Introduction
The template I chose for this project is “Gather your own dataset”.
This project intends to use state-of-the-art image generation models such as Latent Diffusion Models popularized by Stable Diffusion to generate a synthetic aircraft runway image dataset to be used in vision-based landing tasks. This approach can greatly increase the availability of runway images to be used in other research projects, and, by sharing the models weights freely, allow other researchers to generate their own synthetic dataset with their own desired charactheristics.
Motivation
Currently, there is an increasing interest in autonomous systems in the aerospace field. Commercial airplanes already have autopilot when the aircraft is in cruise mode, but takeoff and landing are still heavily in the pilots’ hands. Machine learning models are a promising approach to help in vision-based landing, specially in the runway detection component.
But, contemporary machine learning techniques usually require 10s or 100s of thousands of items in a dataset. But there is a lack of open-source datasets of aerial images that can be used in the task of runway detection.
Synthetic image dataset generation can be a viable strategy to bridge this gap of data availability.
Literature Review
In this section, prior work on building a runway dataset is reviewed. Four well-known, publicly available runway images datasets are reviewed. Additionally, papers relevant to the methodology are reviewed as well.

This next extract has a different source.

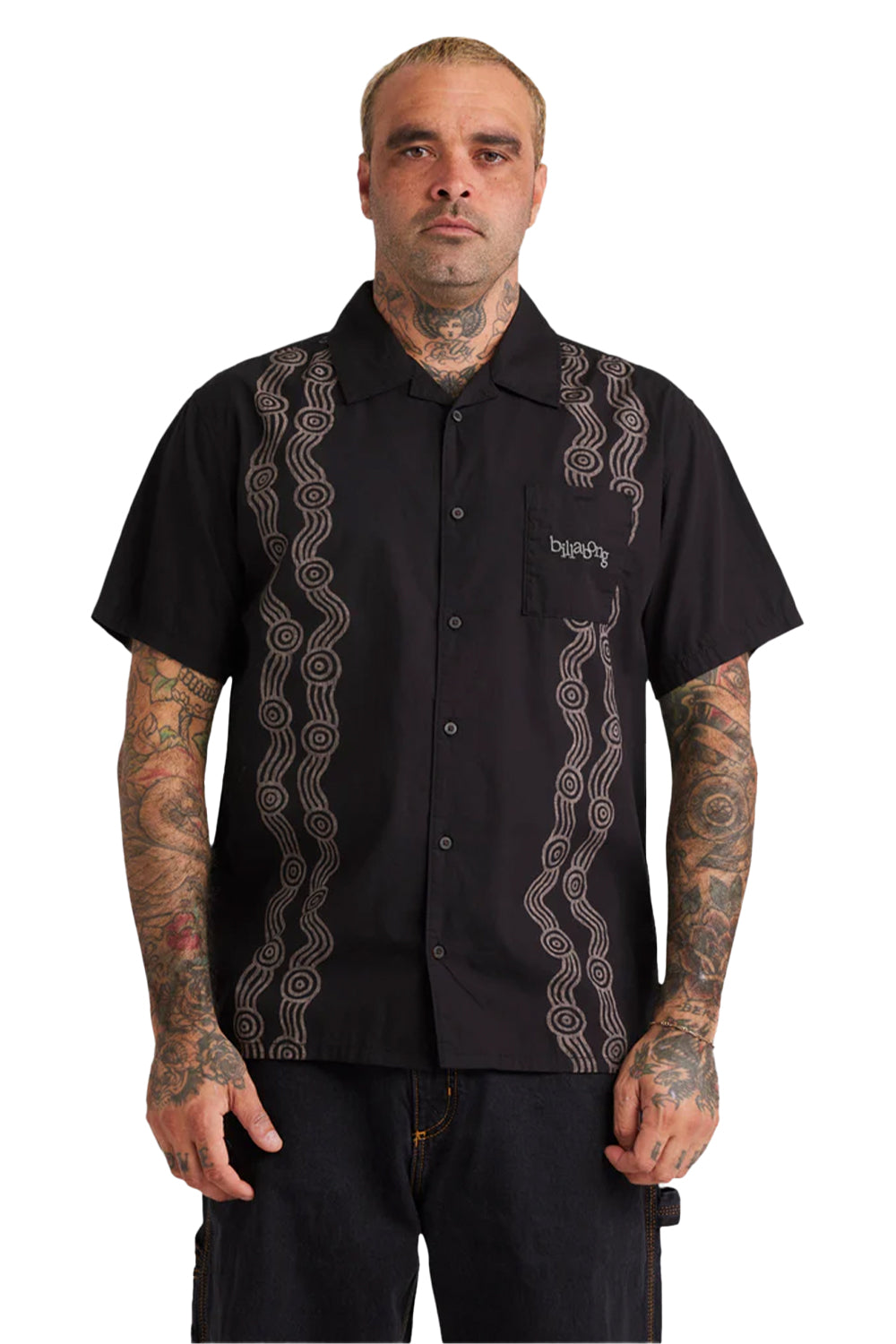 Billabong Mens Otis Water Vacay Shirt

LARD – Landing Approach Runway Detection [1] is a dataset built using images from Google Earth. It uses geometry to to simulate the viewpoint of a camera in the airplane’s nose seeing the runway. Along with the public dataset, code to generate images using Google Earth studio is also provided. Currently, the dataset has over 17,000 images.
FS2020 Runway Dataset [2] is a public runway dataset available on Kaggle built using extracted video footage from Microsoft Flight Simulator. The researches recorded videos of airplanes landing on 60 different runways across the world in different light conditions. Then, the videos are split into several frames, and each one annotated with segmentations labels. The dataset contains 5,587 images.

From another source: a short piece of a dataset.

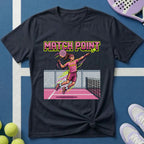 Match Point Padel Spielerin T-Shirt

BARS: A Benchmark for Airport Runway Segmentation [3] is a public dataset built using images from the X-Plane, a FAA-certified flight simulator. Their dataset contains 10,256 images, collected from different airports and weather conditions, to simulate real-world scenarios.
Runway Landing Dataset (RLD) [4] is also a dataset built using X-Plane. The researchers built RLD to use in VALNet, a runway image segmentation network. In the paper, the researchers had access to BARS and other non-publicly available datasets. They claim to have built RLD to “alleviate the deficiency of large-scale, high-quality, publicly available datasets for runway segmentation”. The dataset includes images covering entire landing scenarios and different weather conditions. The dataset has 12,239 images.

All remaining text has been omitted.